New Kent residents concerned about possible road connection to subdivision
A group of residents of a New Kent subdivision are voicing concerns about a public road coming through their area.
Homeowners that reside in Patriot’s Landing near Bottoms Bridge spoke during the public comment period Monday evening at New Kent’s Board of Supervisors meeting with concerns about a road that would connect from their main entrance to Marketplace Drive, a secondary entrance of the subdivision. The concern stems from the road being constructed to allow trucks onto property that is scheduled to be the future home of Tractor Supply Company. That building is expected to be built on a portion of land adjacent to the Food Lion on Pocahontas Trail (Route 60).
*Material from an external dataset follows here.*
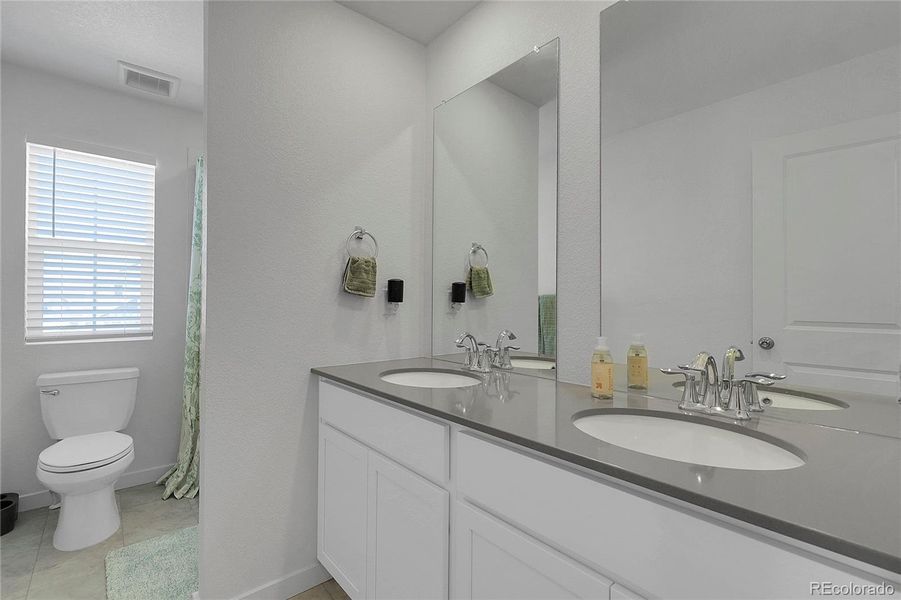 Furnished interior view inside a new home in Independence: The Pioneer Collection, Elizabeth (Image 5).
“This new road will effect the pool, clubhouse, and other amenities,” said Kimberly Moyer, president of Patriot’s Landing Homeowner’s Association. “I don’t want to see this road connected to this development. Why do we have to suffer?”
“I know the PUD [planned unit development] is 15 years old,” chimed in Mick Rost. “When the proposal from Tractor Supply Company was first presented to us, it said that all access would come off Marketplace Road.
“I am concerned about the truck traffic, but the new road is a real safety concern,” he continued. “We have limited sidewalks and the road is directly in line with the clubhouse and pool.”
More citizens echoed sentiments about the proposed access way, citing the activity used by residents in the subdivision and the concerns of increased traffic.
“There aren’t a lot of areas where kids can freely roam, but this is one of them,” said Joy Putnam. “When I first moved here, I saw that entrance and it made me instantly think of this as a place I want to live.
“If that road is built, more non-residential and truck traffic would use that road as a shortcut,” she continued. “I want to see us work out a compromise where it doesn’t expose the integrity of our neighborhood.”
Residents added that the increased traffic would damage roads of the subdivision even more. And even though the work is still in progress and no formal decision on the roadway has been made, Patriot’s Landing residents vowed to keep fighting.
“This is not the community we bought into,” said Erin Whealton. “You will continue to hear the outrage of citizens if this is built.”